**Your objective**: Restate the full listing word for word; images stay out of it.

**Raw data**:
===
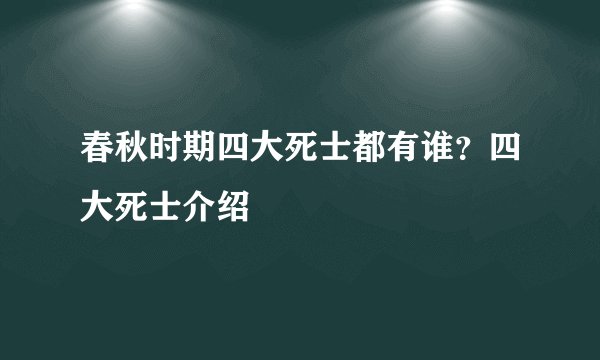 春秋时期四大死士都有谁？四大死士介绍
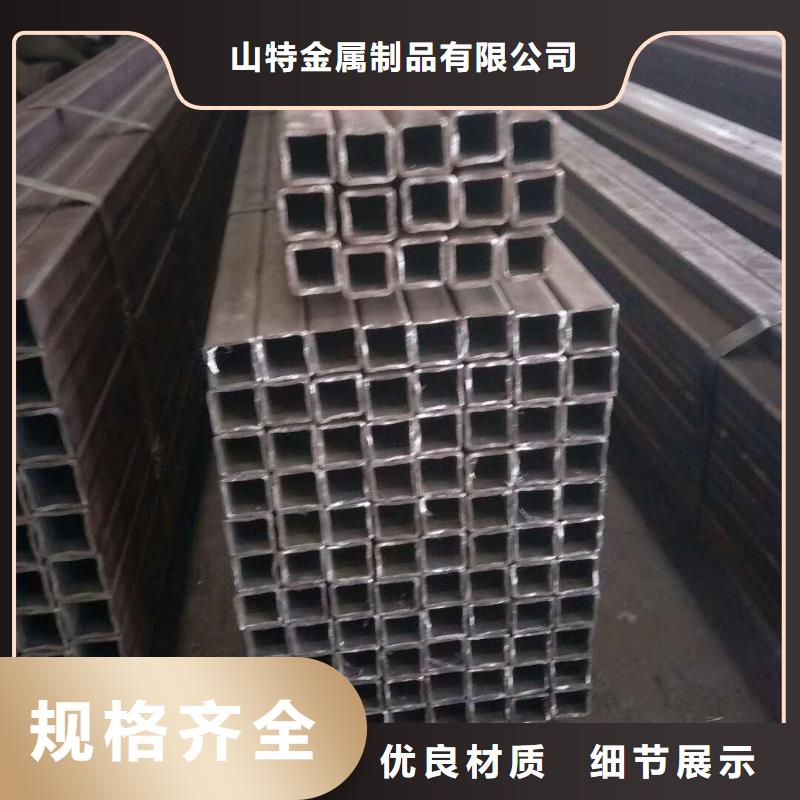 无缝方管保障产品质量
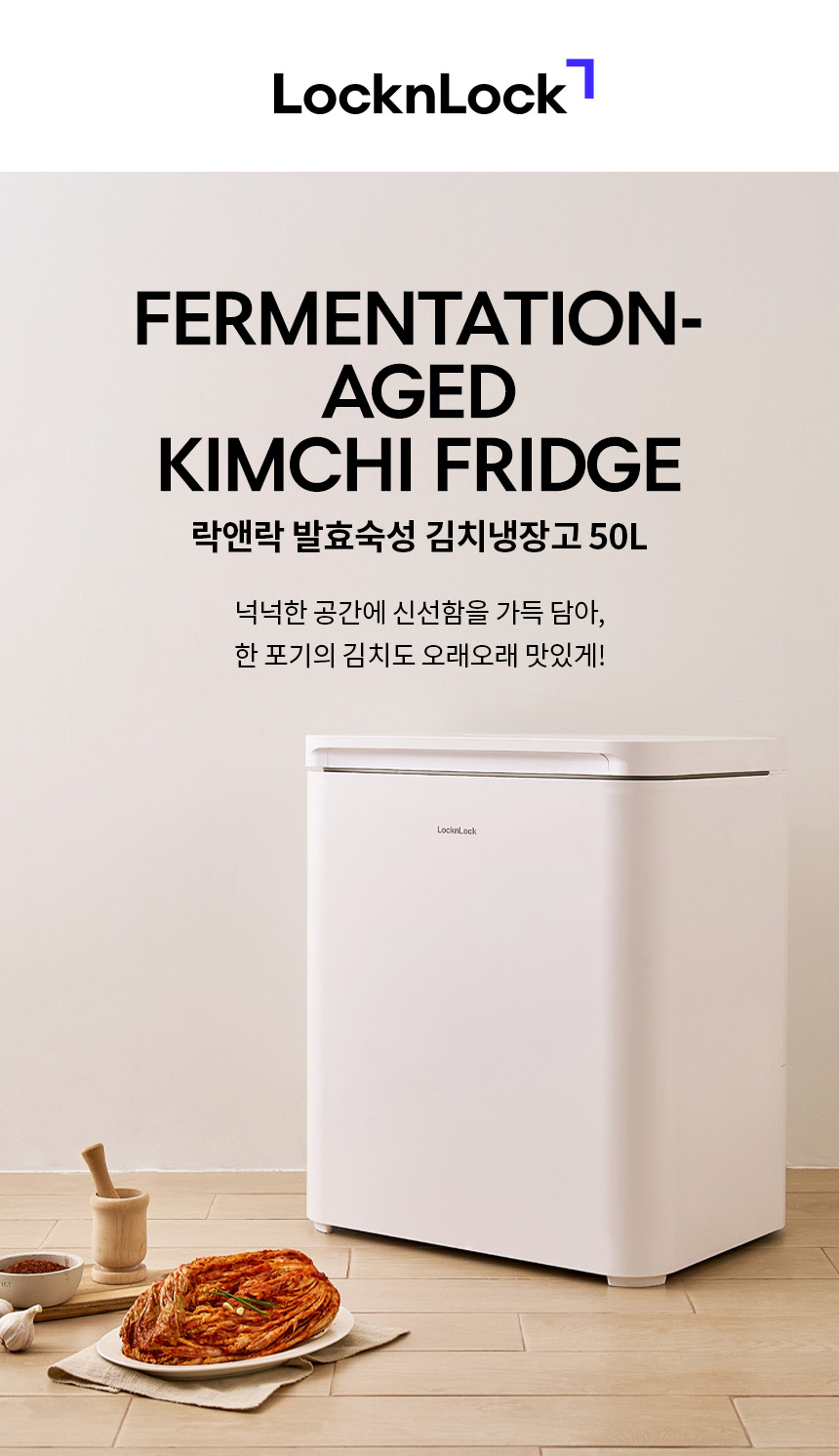 락앤락 발효숙성 1도어 50L 뚜껑형 김치냉장고 제품 상세 설명 이미지 1/18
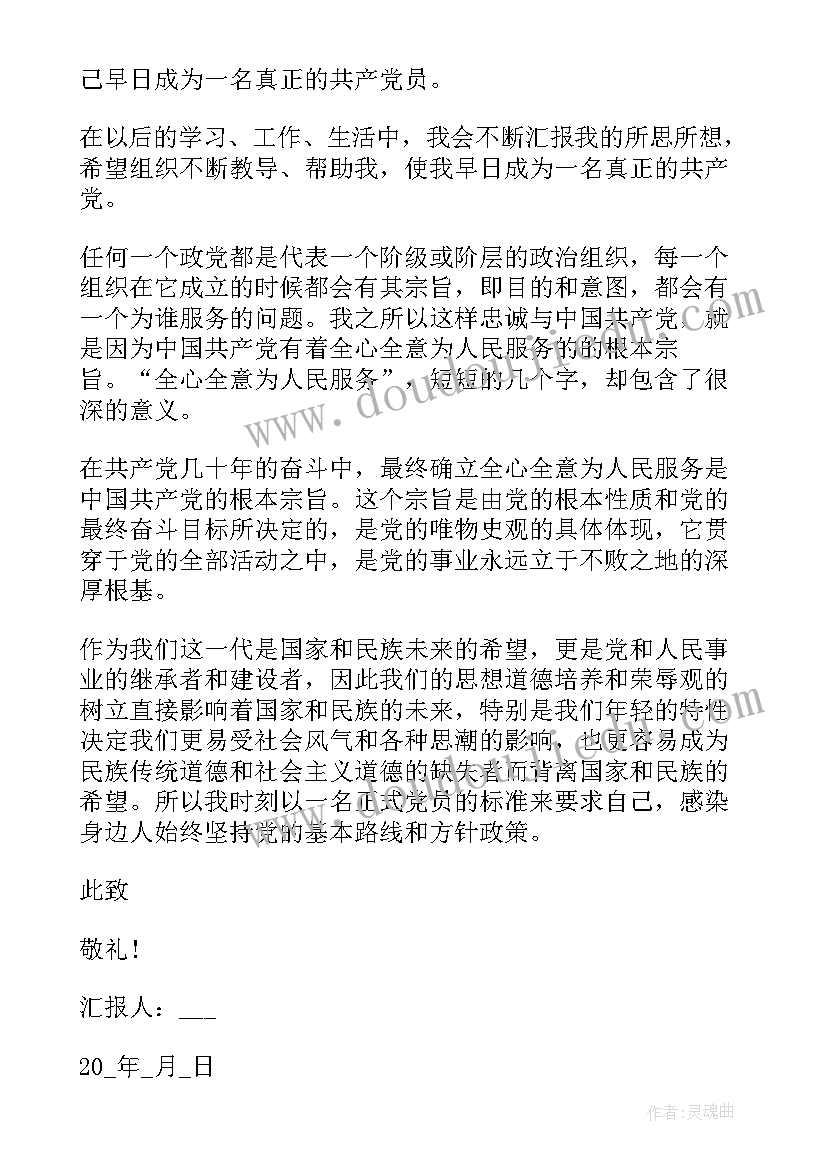 思想汇报一季度几篇 第一季度思想汇报(实用10篇)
===
**Finished task**:
 春秋时期四大死士都有谁？四大死士介绍
 无缝方管保障产品质量
 락앤락 발효숙성 1도어 50L 뚜껑형 김치냉장고 제품 상세 설명 이미지 1/18
 思想汇报一季度几篇 第一季度思想汇报(实用10篇)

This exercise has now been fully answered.